Our Journey Never Ends

Bree, how did your restoration actually begin?

One week before our 12-year anniversary, my husband left, saying he did not love me anymore. We had been in crisis for about a year and he had been threatening to leave me, but I did not believe he'd really do it. We did not seek help because I thought it was a phase that we were going through. I chalked it up to the financial problems and the stress and routine of everyday life. How wrong I was.


How did God change your situation Bree as you sought Him wholeheartedly?


My life and my situation changed completely the moment I gave my life to the Lord. Then, from that moment, I was no longer alone. He held me in His arms and at every moment I felt nothing other than peace. I'd speak to Him and spent time in His arms. He was more than a Savior or Lord to me. He became my HH. When I felt alone or I felt any sort of sadness dominating me, I entered into the secret places of my heart and I'd ask my HH to guide me. He began to show me that I needed to become the wise wife He'd designed me to be. Only our HH and His love are able to transform us. Entrust your life to Him and He will never once fail you.


What principles, from God's Word (or through our resources), Bree, did the Lord teach you during this trial?


The Bible was my comfort and my guide day-by-day. Just as important was the book How God Can and Will Restore Your Marriage. Both were fundamental in my journey. From the moment I applied the principle of letting go, I began to see the difference. The power of forgiveness and how it frees us, to be able to look at our sins and mistakes, no longer the sins of your EH or any other person, is all transforming. Following each principle, renewing my mind in the truth, is when I realized how much I'd failed in my marriage. I finally took the log out of my own eyes. Also, not talking to people about my problems helped me a lot. I stopped making mistakes and doubting what I knew I should do. Speaking to, listening to, and following the Lord by taking His hand, led me on a direct path to peace and my restoration.
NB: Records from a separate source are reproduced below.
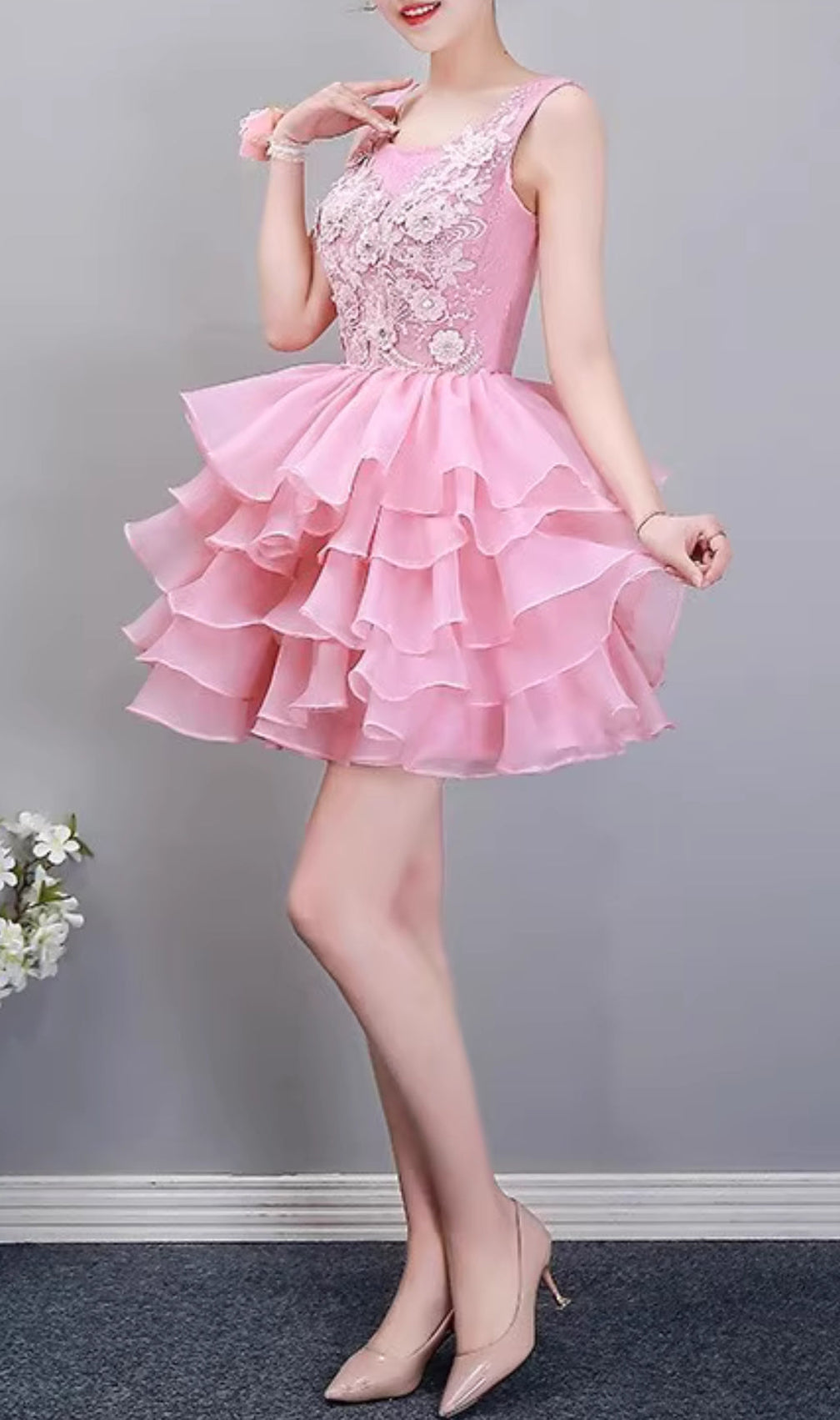 Aneska Floral Mini Dress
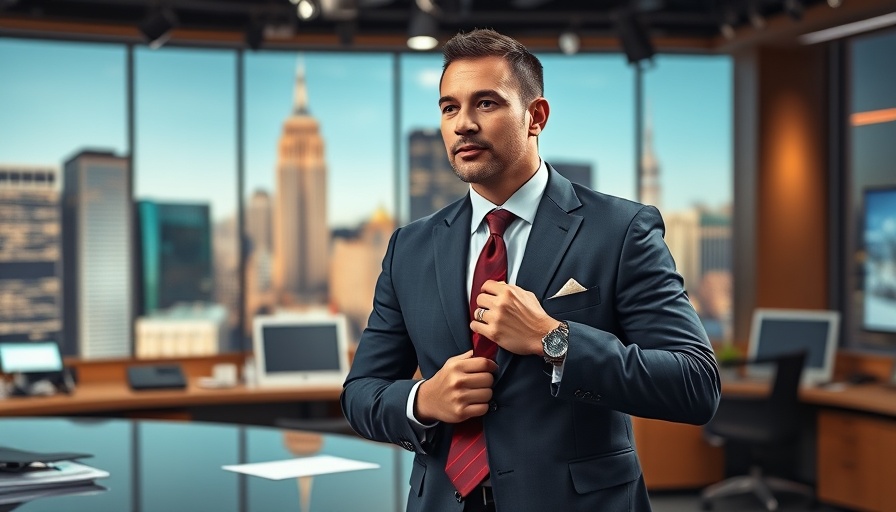 Mark Johnson Weather Reporting in a modern studio with cityscape.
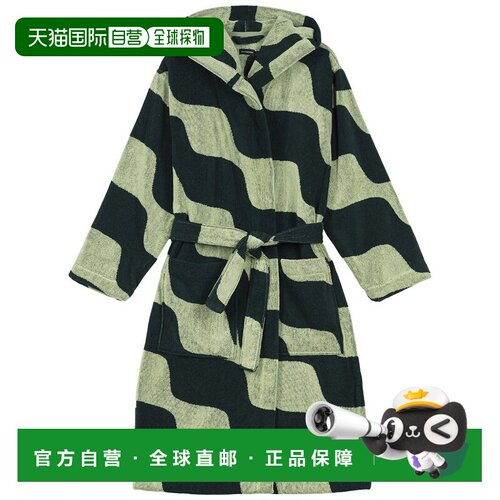 自营Marimekko Taifuuni Bath Robe - green 美国奥莱直发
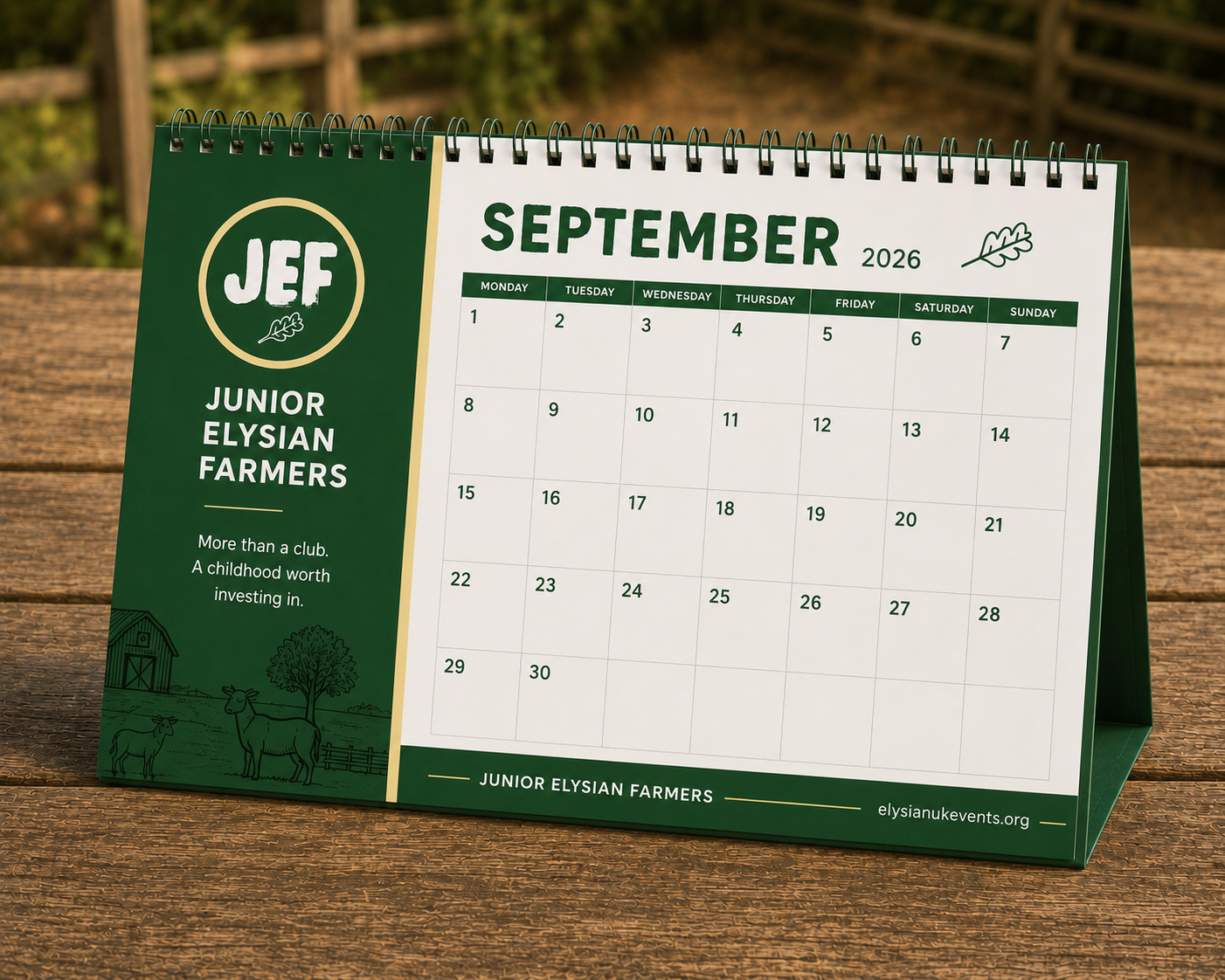 Junior Elysian Farmers - Autumn Term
What were the most difficult times that God helped you through Bree?


The most difficult times He helped me through were certainly when I found out about the OW. These were the moments when I could not see hope in my future. When my husband claimed that he did not love me, saying that he spent years by my side pretending to love me. Telling me that all those times of sadness, comforting each other, times we'd endured as a couple were not real. But from the moment I began to trust and give everything to my HH, asking Him, "Reveal to me the truth", my burden became lighter and I could see that God put me in this situation for one reason alone: ​​to truly find a Husband who loved me. A Husband who was there beside me just waiting for me to see Him, acknowledge Him and embrace Him. God used these very difficult moments, moments when I was shattered, to transform me into a better person.


Bree, what was the “turning point” of your restoration?


The turning point happened the moment I realized it was time to really let go. Never to call him, never to send him a single message for any reason and to ask absolutely nothing from my earthly husband ever. From that moment on, I had a Husband and I knew I must be faithful to Him alone.


Tell us HOW it happened Bree? Did your husband just walk in the front door? Bree, did you suspect or could you tell you were close to being restored?


A few weeks before my husband returned, I went through times of immense trial. People, even members of my own family told me that I should move on, find someone who would be better for me. It seemed as if everyone I knew had to tell me how perfect my EH and the OW were for each other. How happy they always were. And because I was so happy with Who I'd found, my HH, I began to think, "No, I really don't want my marriage restored."


Even with all of this, I felt deep down that our story as a married couple had not ended and that I had to trust my HH for my future. It had already been 16 months since he had left and during that time period there were regular returns, but then he'd leave again. Without having my own Love by my side, never taking my eyes off of Him nor yearning for a man who clearly cared for someone else, I know I would have reacted badly.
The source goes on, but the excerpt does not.